Symmetric polynomial from graphs Let $g$ be a directed, connected multigraph, on $n$ vertices, without loops.
Define 
$$P_g(x_1,\dots,x_n) := Sym\left[ \prod_{(i,j) \in g} (x_i-x_j) \right]$$
where $(i,j)$ is the directed edge from $i$ to $j,$ and $Sym$ denotes the symmetrization,
that is, sum of all permutations of variables in the argument.
Now, for some multigraphs $g,$ we have that $P_g$ is identically zero.
A sufficient condition is that if we can change the direction of an odd number of edges in $g$
and obtain a graph isomorphic to $g,$ then $P_g$ is identically 0.
This is however not necessary, as the graph with edges (1,2),(2,3),(3,4),(2,4),(2,4)
will give a polynomial that is identically 0.
The number of connected multigraphs with n edges that yields a zero polynomial 
are, for n=1,..,6, equal to 1,0,3,2,19,20, and this sequence gives no hits in Sloane.
What I am asking for is a necessary and sufficient condition of a graph that gives the zero polynomial, as defined by the procedure above.
EDIT: Note that if $g_1$ and $g_2$ are isomorphic as undirected graphs, 
then $P_{g_1} = \pm P_{g_2}.$ Changing the direction of one single edge changes the sign of the associated polynomial.
 A: I am afraid this innocuous-looking question is in fact extremely hard, and I would be surprised if one could find a necessary and sufficient criterion which is more useful than the definition itself. Here is why:
The question pertains to the classical invariant theory of binary forms.
Firstly, suppose your graph is $v$-regular, i.e., all vertices have the same valence $v$.
Then if the $x_1,\ldots,x_n$ are interpreted as the roots of a polynomial of degree $n$,
or after homogenization as a homogeneous polynomial of degree $n$ in two variables,
i.e., a binary form, your sum defines an $SL_2$ invariant for such a binary form.
The nonregular case likewise corresponds to what 19th century mathematicians called
covariants.
Here is a fact. In the regular case, the product $nv$ has to be even since this is twice the
number of edges. Take $n=5$ and $v$ even but not divisible by 4 such that $v<18$. Then for every graph satisfying
this condition the polynomial is identically zero.
Likewise you can take $v=5$ and impose $n$ even but not divisible by 4 and $n<18$ and the result also is that 
all graphs of this kind give zero. This is a nontrivial fact which has to do with
the invariants of the binary quintic: there is no skew invariant before degree 18 which is
the degree of Hermite's invariant.
Another example of your question is the following. Take $n=m^2$, and arrange the vertices
into an $m\times m$ square array. Take for the graph $g$ the following:
put an edge between two vertices if they are in the same row or in the same column.

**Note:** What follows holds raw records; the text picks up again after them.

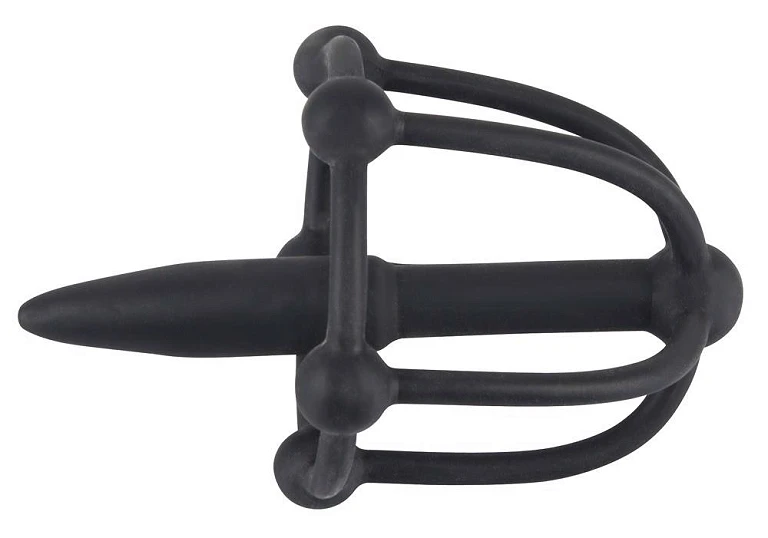 Dylator z klatką na żołądź – silikonowy, 5,7 cm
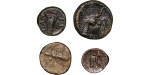 Greece, Cimmerian Bosphorus. Lot of 4 x Æ 14 to 8mm. 200-150BC.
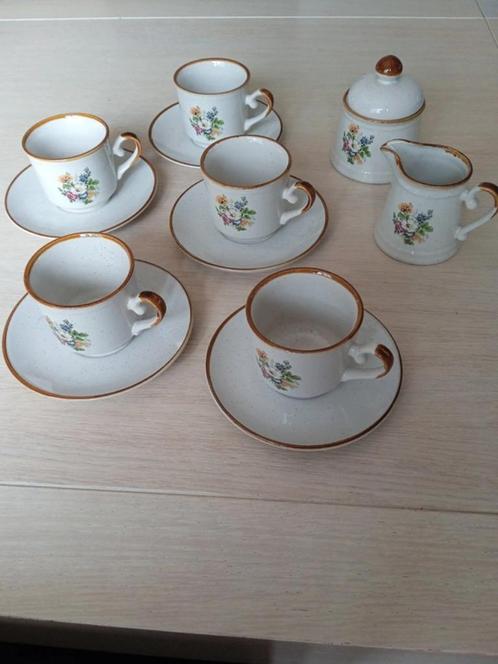 vintage servies Wild Flowers, Huis en Inrichting, Keuken | Servies, Zo goed als nieuw, Kop(pen) en/of Schotel(s), Overige stijlen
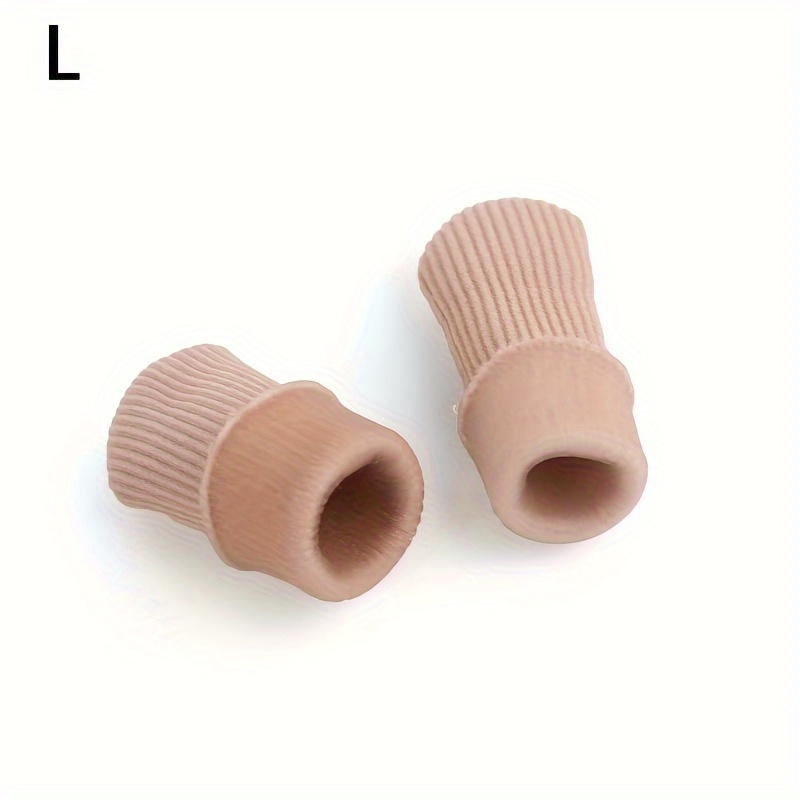 Image of 2pcs Toe Protectors, Silicone Toe Caps Closed Toe Surface Fabric Sleeve Protectors, For Anti-friction, Anti-pinch, Toe Separator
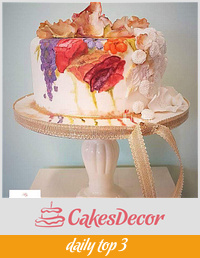 Bursting colours wedding cake for Spring is in the air collab. 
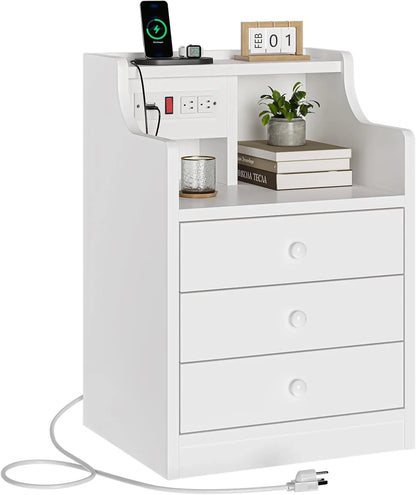 Nightstand With Charging Station For Your Bedroom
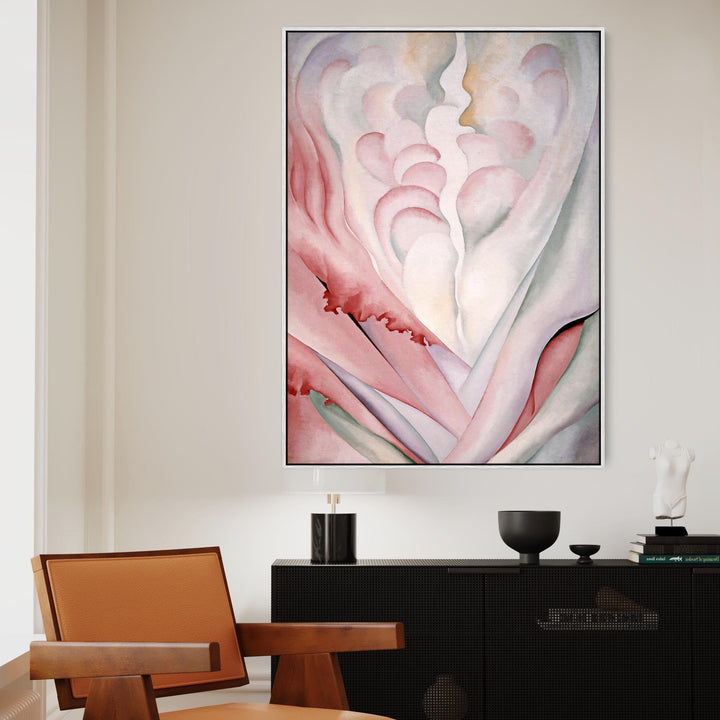 Georgia OKeeffe Artwork Canvas Print Framed Flower Abstraction 1924 - FFp-2573-W-L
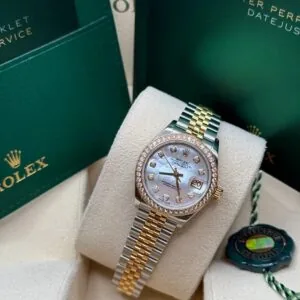 RLX Lady-Datejust 31mm 279383RBR Mother-of-Pearl Dial Yellow Rolesor Oyster Bracelet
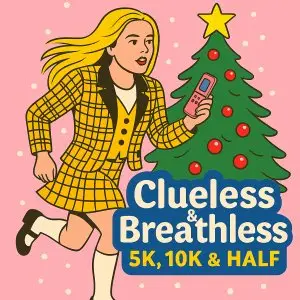 Clueless & Breathless 5K, 10K & Half logo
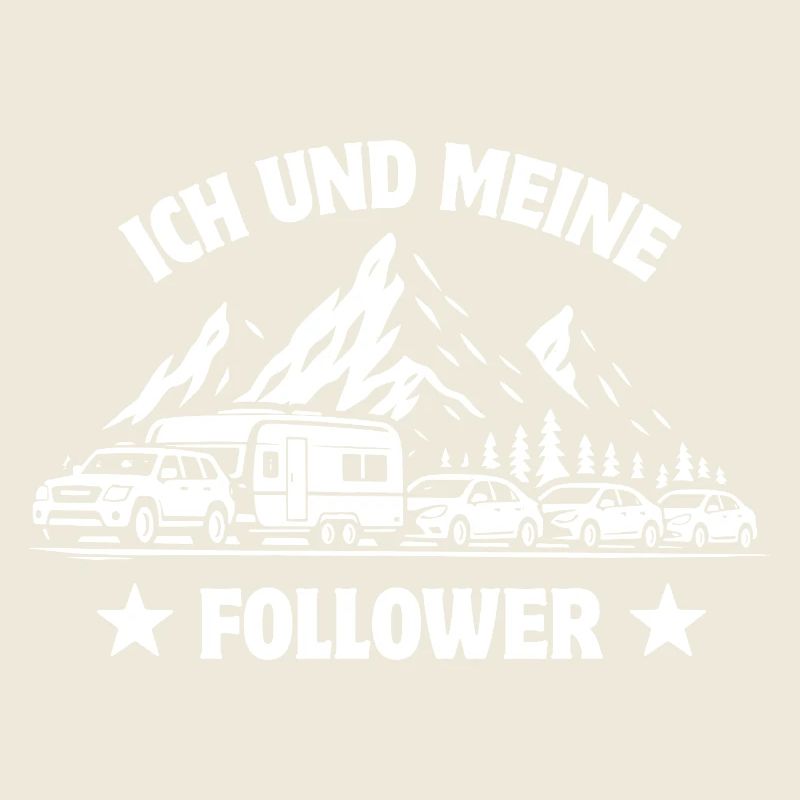 Me and my followers - Caravan - Traffic jam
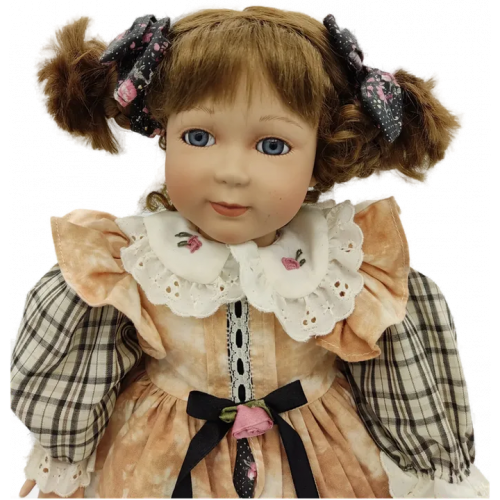 Künstlerpuppe - Süßes Porzellanmädchen, 46 cm
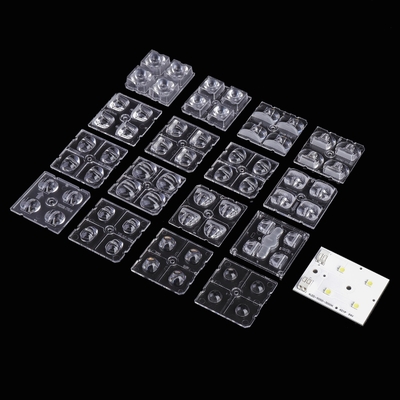 ซื้อ 2x2 โมดูล Led Street Light Lens PC Led Lens สําหรับไฟทาง การผลิตออนไลน์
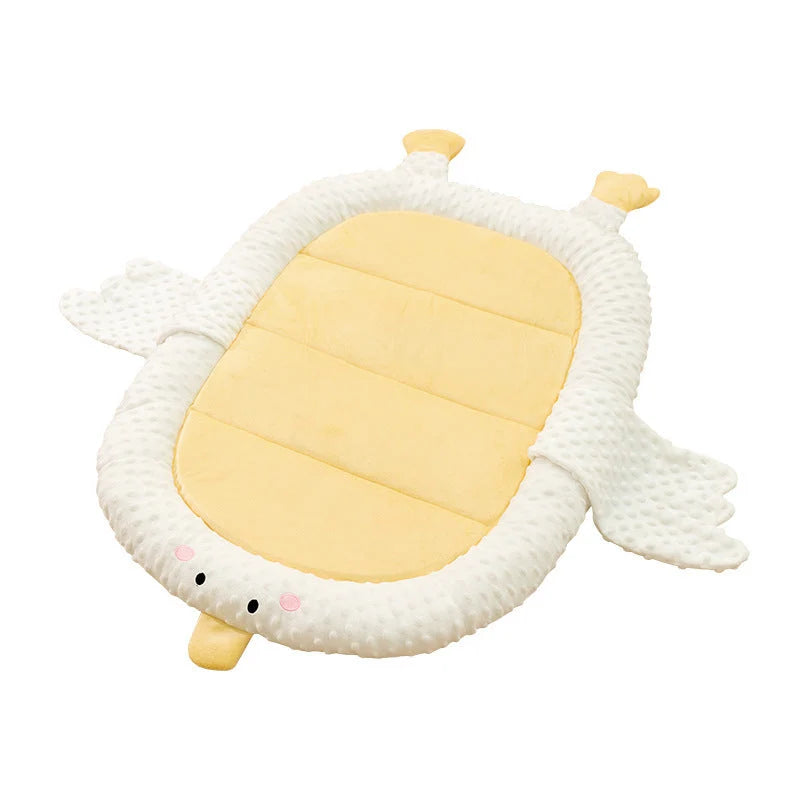 Cute Turtle-Shaped Plush Dog Bed Mat for Small Breeds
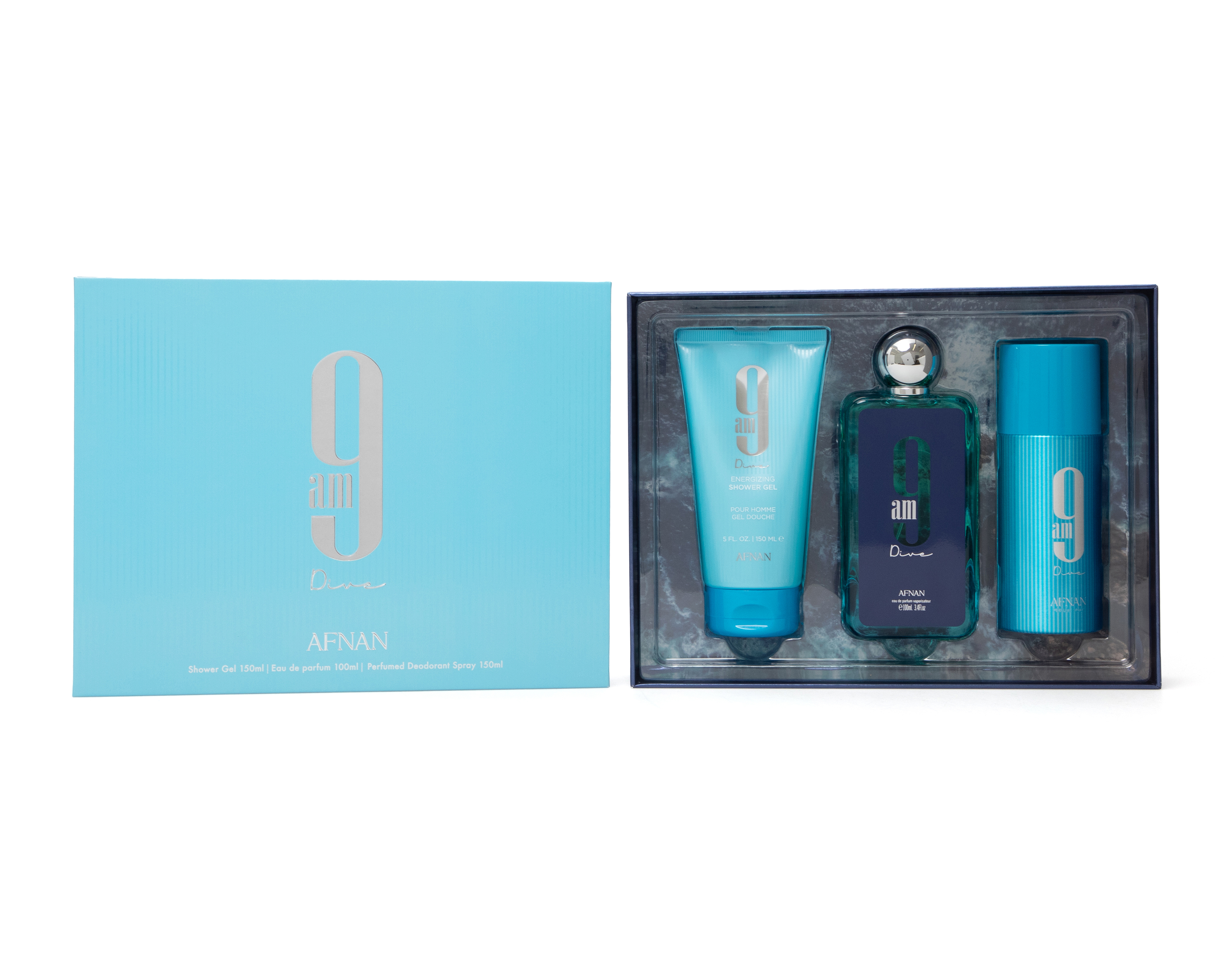 Foto 4 | Foto 4 | Estuche para Hombre Afnan 9am Dive 3 Piezas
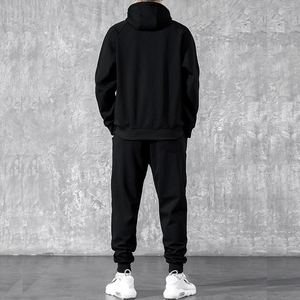 <b>Cheap</b> Custom Printed Breathable Autumn Fleece Full Length Sweatsuit Jogger Sportswear Cotton Tracksuit Men - Product Image 3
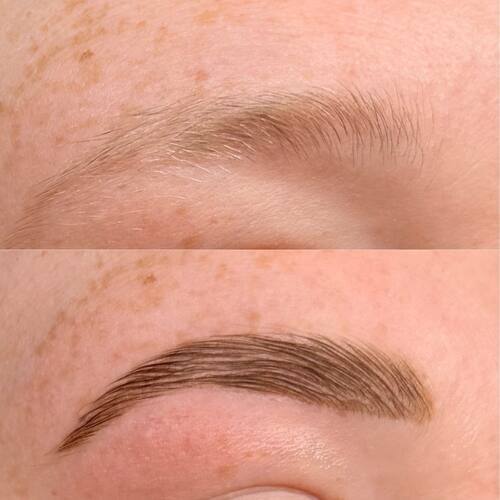 Atlanta brow lamination tint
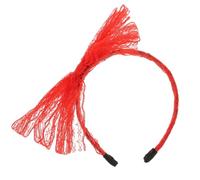 MOBUTOFU Vintage Bow Headband, Fabric Hair Accessory with Classic Simple Style, Not Easy to Fade or Deform, for Festival or Prom Hair Decoration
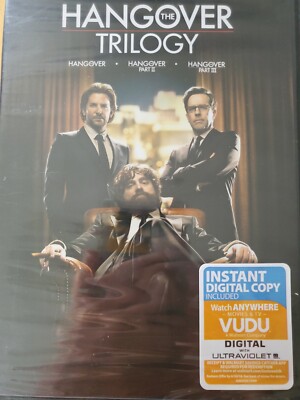 The Hangover Trilogy DVD (1 DVD, all 3 movies  (  BRAND  NEW FACTORY SEALED)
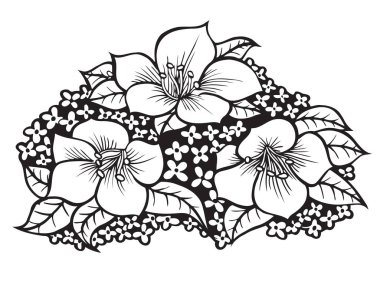 çizim çiçek şekil.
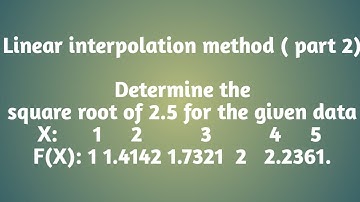 Linear interpolation method | part 2 |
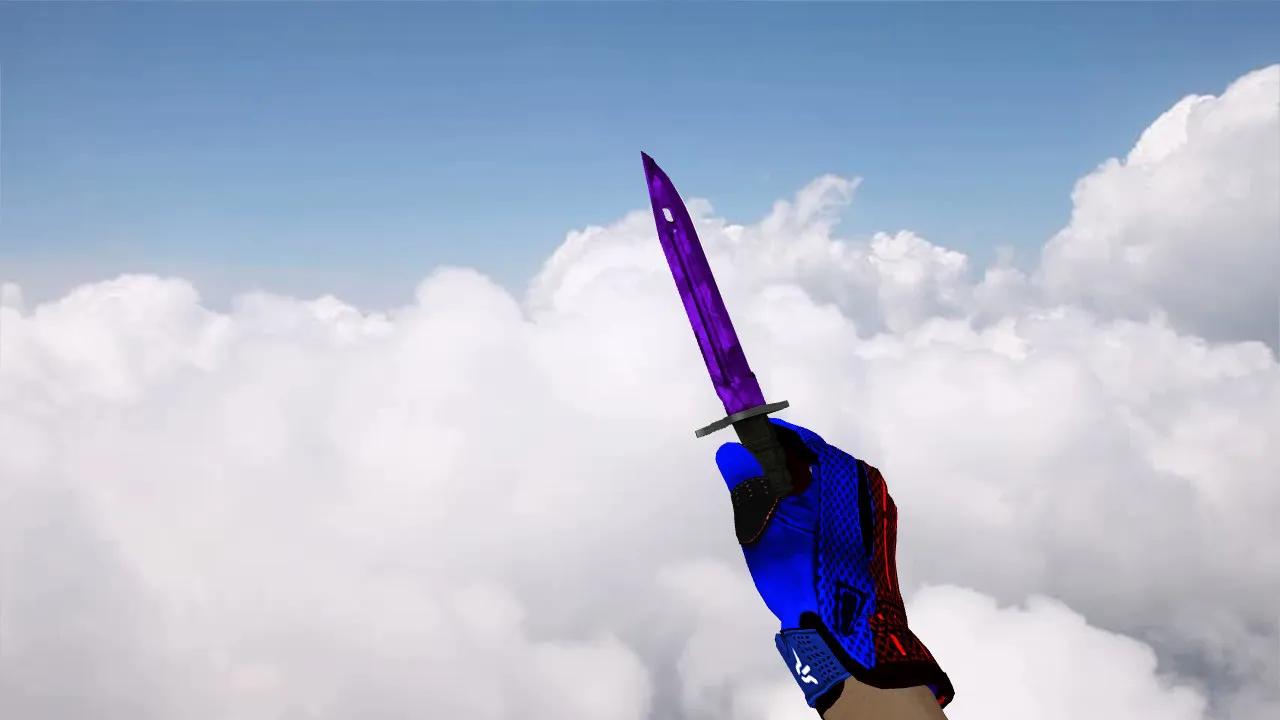 Штык-нож Doppler Sapphire v_knife_p, p_knife, w_knife для CS 1.6: звуки, анимация осмотра, текстуры и настройка — screenshot 2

It is trivial to see that the polynomial will vanish if $m$ is odd.
Now if you can prove that the graph polynomial is nonzero (for any even $m$)
then you would have proved the Alon-Tarsi conjecture, which implies the even case
of the Rota basis conjecture.
As far as I know these are widely open problems.
A reference on the general graph polynomial vanishing question is:
G. Sabidussi, Binary invariants and orientations of graphs, Disc. Math 101 (1992), pp. 251-277.
This very question was historically important for the development of graph theory since it motivated Petersen's work.